Fun Facts About Hillsborough
- Before Orange County was founded in 1752, five Native-American tribes lived in the area. One was the Eno-Occaneechi Indian tribe, many of whose descendants still live in the Hillsborough area. Today, the Occaneechi Indian Village is a restored Native-American community, located on the Eno River where tribes in western North Carolina and south-central Virginia crossed along a trading path.
- Hillsborough was laid out in 1754 by William Churton on 400 acres where the Occaneechi Indian Trading Path crossed the Eno River. The town has been called “a museum without walls,” because its historic district is listed on the National Register of Historic Places and boasts more than 100 late 18th and early 19th Century structures.
- Hillsborough was the site of the momentous North Carolina Constitutional Convention of 1788, during which the convention delegates refused to ratify the Constitution until it included a Bill of Rights.
- The Old Orange County Courthouse has been cited by the Library of Congress as one of the finest examples of Greek-Revival architecture in the United States. It was built in 1844 and was the fourth structure on the site, after two Colonial courthouses (ca. 1755 and 1782), a gaol (jail), the gaoler’s house and kitchen, a Market-House, and whipping post and stocks.
- The Old Town Clock in the cupola of the present courthouse is said to have been a royal gift to the town in 1769. It hung first in St. Matthews Church of England (now the Presbyterian Church), then the tower of the Market-House. The “new” bell installed in the Old Orange County Courthouse in April 1997 was actually cast in 1747 and previously hung in St. Luke’s Church in Cannock (Staffordshire), England.
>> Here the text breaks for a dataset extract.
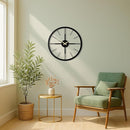 pluviart Rain Minimalist Metal Wall Clock, Modern Black Metal Wall Clock, Silent Non-Ticking Decorative Clock for Living Room, Kitchen, Office, Industrial-Style Wall Decor, Easy to Hang (19,3") by CozyNest Decor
- A stone marker on the southeast corner of North Churton and East King Street in downtown Hillsborough, dated March 17, 1776, marks the spot where Daniel Boone led a small band of settlers to Kentucky, a virtual wilderness then. They were fleeing the unrest in the 13 colonies before the signing of the Declaration of Independence. Daniel Boone went on to become a trailblazer and legendary frontiersman. A number of Hillsborough facilities, including the Daniel Boone Village on South Churton Street, are named for him.
- The only complete set of Colonial weights and measures in the U.S. can be found at the Orange County Historical Museum in Hillsborough.
- Hillsborough’s Ayr Mount Historic Site, built c.1815 on 265 acres overlooking the Eno River, is one of North Carolina’s finest Federal-era plantation homes.
- The Rev. Robert Burwell and his wife Margaret Anna Burwell operated The Burwell School Historic Site from 1837-1857 in downtown Hillsborough. The Burwell School was one of North Carolina’s leading Presbyterian schools for “young ladies.” Open to the public for tours, the school is the only one remaining of Hillsborough’s numerous good early 19th-century schools.
- In the last days of the Civil War, the AlexanderDickson farm was headquarters for Confederate General Wade Hampton. Wade used the farm’s outbuilding as his office. On April 18, 1865, Confederate Generals Joseph E. Johnston and J.C. Breckenridge and Postmaster General John H. Reagan all met in “the office.” The Alexander Dickson House has sometimes been called “the last headquarters of the Confederacy.” This is an appropriate title in the sense that it was the last headquarters of the commander of the largest armies to surrender to Union forces, larger even than the army that Lee surrendered at Appomattox. Today, the Alexander Dickson House serves as the Orange County Visitors Center and is home to the Alliance for Historic Hillsborough.
- The Occoneechee Mountain State Natural Area in Hillsborough has an elevation of 867 feet, the highest point in Orange County and one of the highest points in eastern North Carolina.
- Some of the county’s more exotic agricultural enterprises include a shitake mushroom and truffle farm, and a miniature donkey and mule farm. The truffle farm, located off Orange Grove Road near Hillsborough, is one of only two in the United States, because this fancy fungus is particular about where it will grow.